They make their livings in vastly different arenas, but Bassmaster Elite Series pro Michael Iaconelli and NASCAR Sprint Cup Series driver Martin Truex Jr. have found common ground. They both grew up in New Jersey, both hate being cut off by competitors and, after a day of hands-on perspective, they now have a better appreciation for the challenges of one another's profession.

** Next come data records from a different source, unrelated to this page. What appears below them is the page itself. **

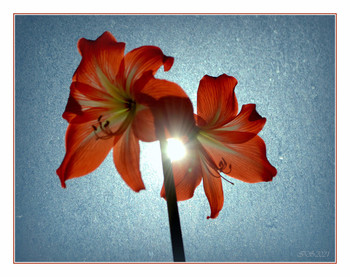 spring beams / [img]https://i.imgur.com/Zh9wrRS.jpg[/img]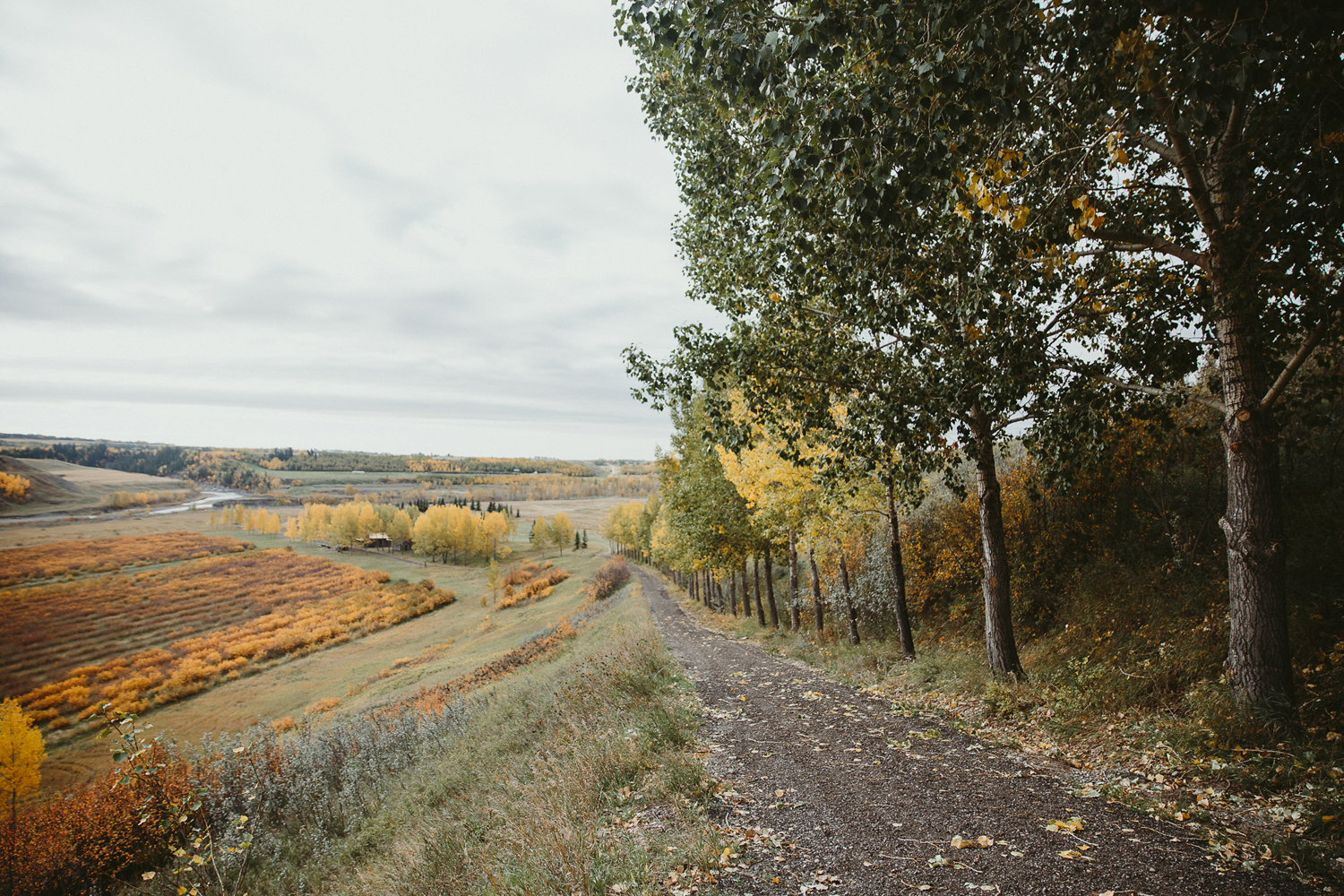 calgary-wedding-photographer010.jpg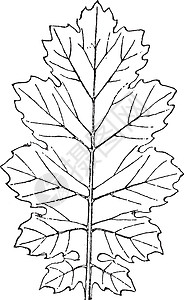 阿坎托斯·莫利斯的叶子 有很多树叶的小秘诀图片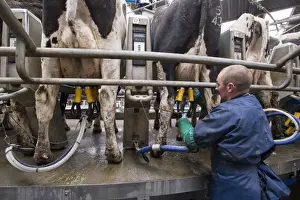 Jobs Prints: Dairy farming, farmer putting milk clusters on Holstein dairy cows being milked in Alpha Laval 50 point rotary parlour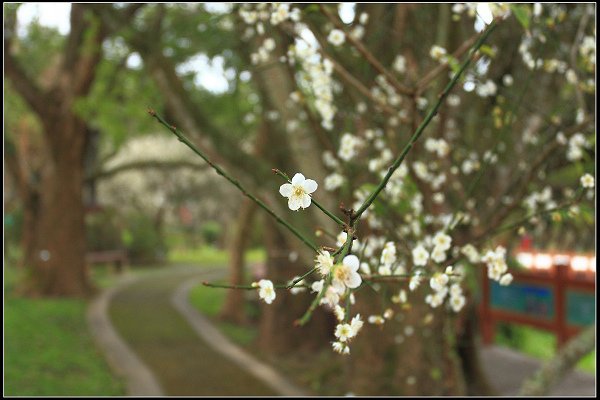 2021.12.28 桃園復興鄉角板山 ‧ 梅花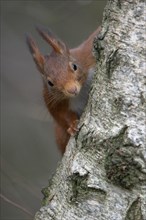 Eurasian red squirrel (Sciurus vulgaris), portrait, Dingdener Heide nature reserve, North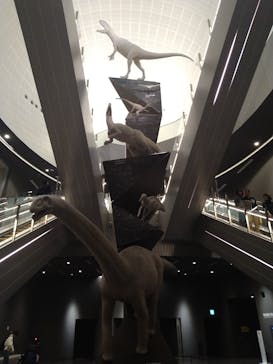 福井県立恐竜博物館に投稿された画像（2024/2/24）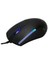 Philips G314 Işıklı Kablolu Oyuncu Mouse Gamer 1200 Dpı 125HZ 3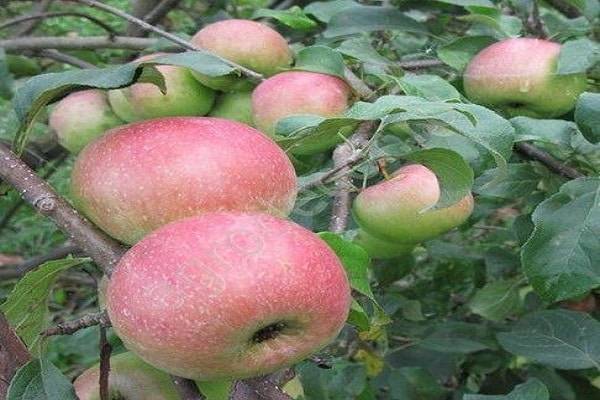 Красивые и вкусные яблоки только на яблоне "орловский пионер"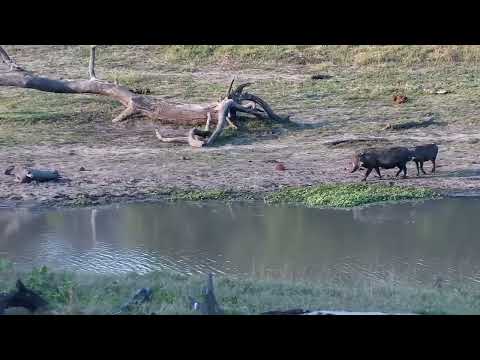 Djuma: Warthogs - 16:46 - 10/09/2022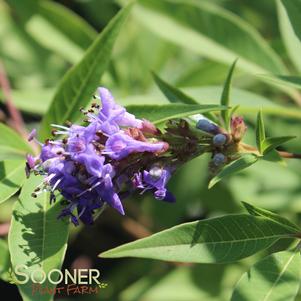 Vitex agnus-castus 'PIIVAC-I'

It all started with a trip to North Carolina's Charlotte Motor Speedway. Truex, who now resides in nearby Mooresville, N.C., hosted Iaconelli for an instructional session on the track. Ike, a lifetime Garden State resident, reciprocated by taking Truex fishing on Lake Norman.
A member of the Michael Waltrip Racing team, Truex normally drives the No. 56 Napa Auto Parts Toyota Camry, but a morning rain dampened the track just enough to raise safety concerns and force a switch to the track's Toyota Camry pace car. Nevertheless, Truex pulled Ike through the turns at 120 mph, while his rookie driver pushed the 90 mark.
Truex calls Norman his home waters, but an 11-month season with 38 racing weekends, continuous testing and lots of sponsor work affords few opportunities for throwing the white Zara Spook he favors. Iaconelli, who claimed a Bassmaster Top 100 Amateur Division win on Norman in 1994, had not fished the lake for several years. Nevertheless, Ike took a 2 1/2-hour angling session and turned it into a fish patterning clinic that yielded a team limit capped by a last-minute keeper from Truex.
Decked in a custom racing jumper, Iaconelli took four laps around CMS, but not until after Truex had shown him how to run the track at 120 mph. Drivers run nearly double that in competition, but Ike said he was good with a buck-twenty.
"I was scared to death going that fast!" he grinned. "The car has a little gripper for the passenger to hold on to. You can probably find my fingernails and DNA on that thing. It's kind of intense. I know that 120 is half the speed they normally run, but it's wild it's crazy going that fast. When I drove, I had it up to a blistering 90 mph, and I was pretty happy."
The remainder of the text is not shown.